Tokyo Electric Power’s dual crises – a meltdown at the company’s Fukushima nuclear power plant and a shortage of electricity – has transformed the capital’s skyline. In the Tokyo metropolitan area, street lamps and neon lights are dark and office buildings and homes have voluntarily dimmed their lights to help out. The possibility of power blackouts is expected to continue for months.
For days after the quake and tsunami, transport in northeastern Japan ground to a halt. When Yamato Transport’s trucks were finally able to resume shipments in the region, the number two delivery service didn’t just go back to business as usual. It assigned 200 lorries and 500 drivers and personnel to carry food and supplies to the disaster zone.
It wasn’t just major brewers’ factories that lay in ruins. Suisen, a sake brewer in Rikuzen-Takada city, was an hour away from celebrating the end to its annual brewing season and production of a million litres of Yukikko sake when the quake struck.

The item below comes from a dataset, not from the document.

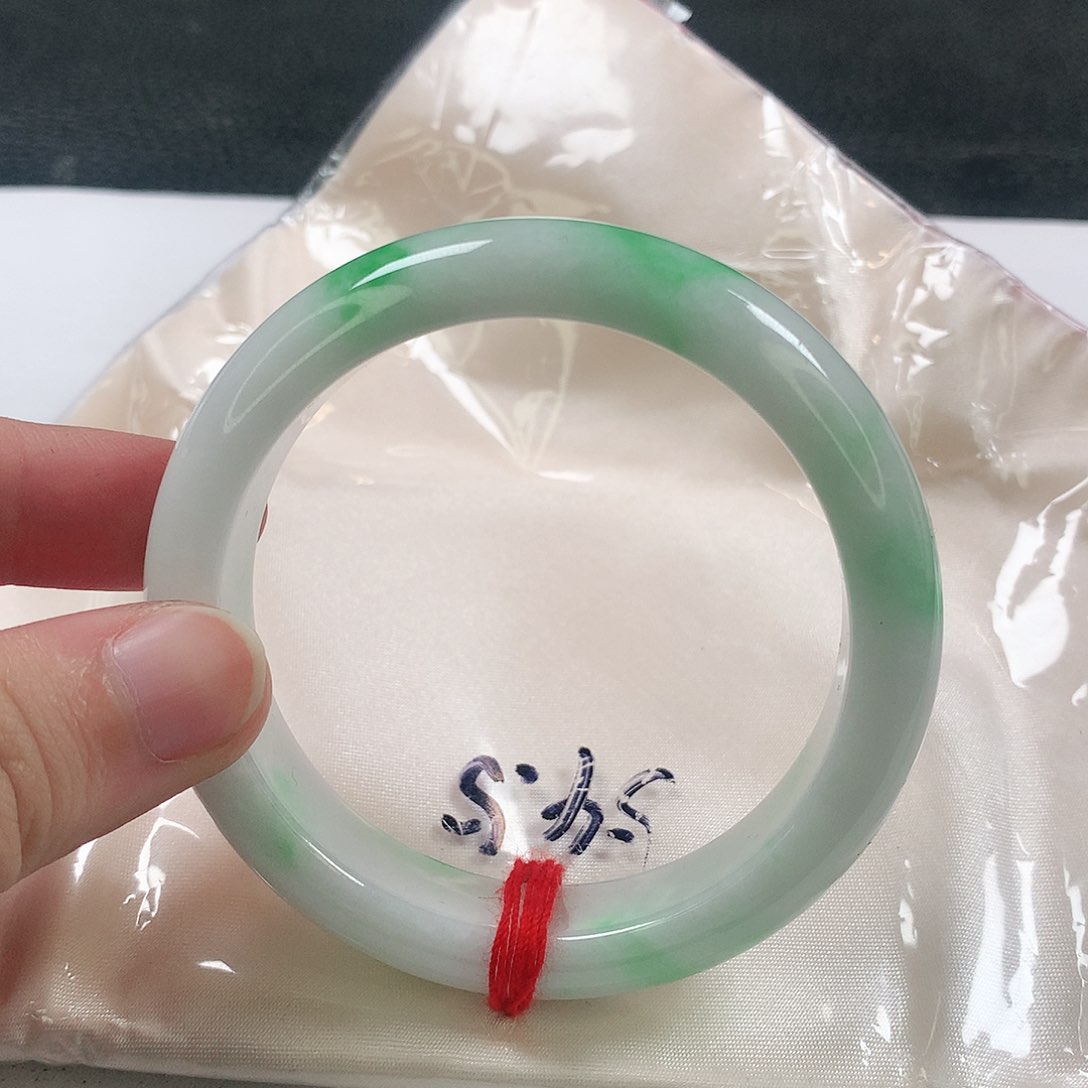 未镶嵌手镯翡翠360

After workers fled, the tsunami destroyed 150 tanks at the brewery. Three days later, Suisen’s website read: “Due to the disaster, we will be closed for a while.”

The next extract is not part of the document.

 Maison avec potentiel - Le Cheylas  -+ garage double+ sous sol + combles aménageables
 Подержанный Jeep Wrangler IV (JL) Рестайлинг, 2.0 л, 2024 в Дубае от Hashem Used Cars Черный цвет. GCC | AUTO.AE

Hokuetsu Package’s three-week shutdown of its paper carton-making plant in Hitachinaka city, Ibaraki prefecture, was partly to blame for a scarcity of juice, milk and tea on store shelves. The Tokyo-based company has 40 per cent of Japan’s market for drink cartons. But official Satoshi Eshika says its factory was only part of the story. “Just after the quake there wasn’t enough petrol for the delivery trucks,” says Eshika.
In Iitate (population 6,200) dairy farmers have been dumping milk since food safety officials found elevated radiation levels linked to the troubled Fukushima nuclear power plant. The village sits about 30km northwest of the plant and residents have been told to stay indoors or evacuate. “We can’t begin to think about aid for farmers until things at the power plant are under control,” said Iitate official Hiroyuki Murayama.

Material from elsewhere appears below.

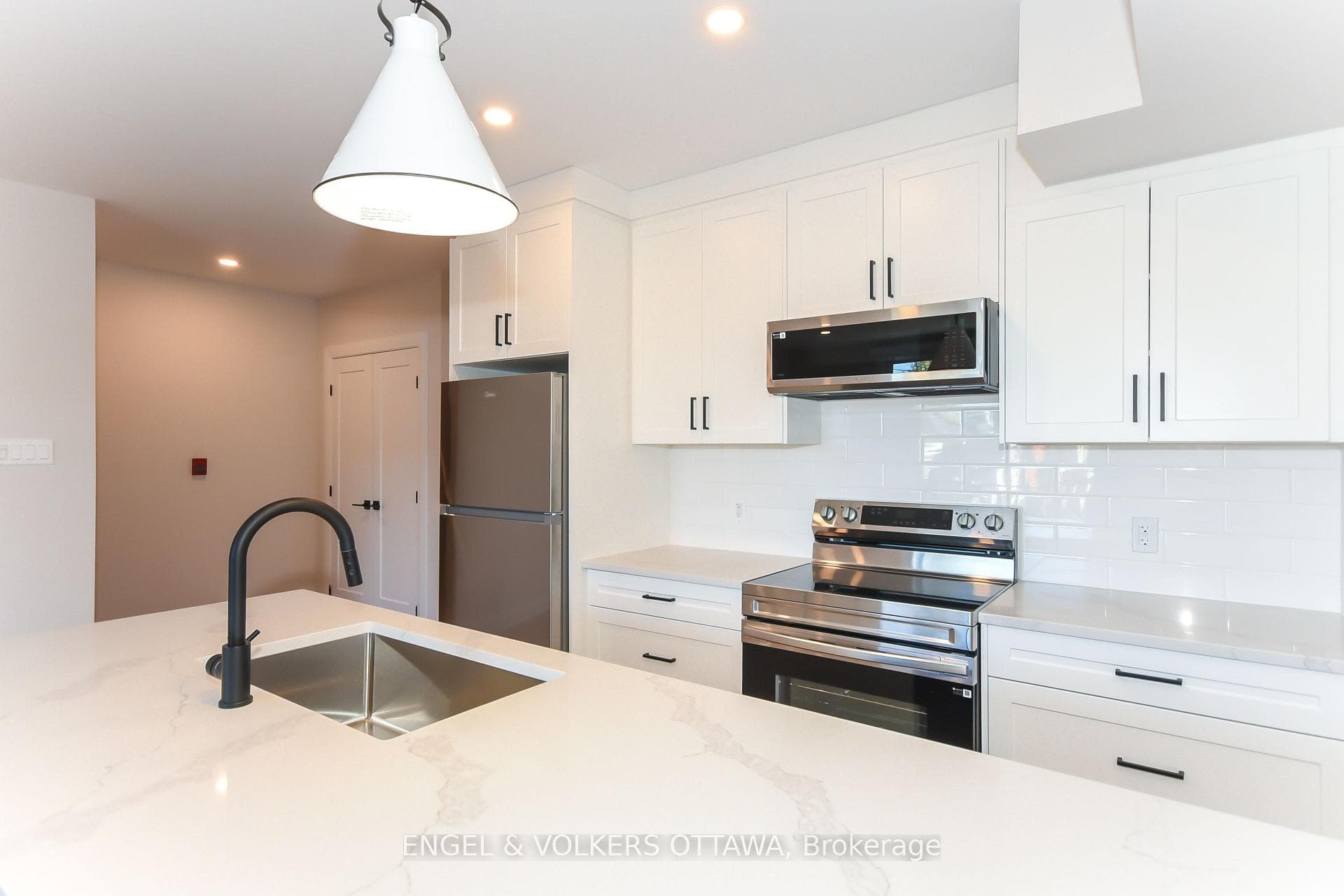 35 Monk Street Unit 6 photo 5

The tsunami smashed the port cities of Ishinomaki and Kesennuma, in Miyagi prefecture – Japan’s third- and sixth-largest fishing ports. Oyster farms, seafood processing plants and boats were lost. Kesennuma Fish Market aims to reopen by June but it could take years to bounce back to the pre-disaster €200m trade in mackerel, shark, tuna and salmon. Market official Masaaki Onodera says: “The market’s foundation sank one metre and the computers were completely ruined.”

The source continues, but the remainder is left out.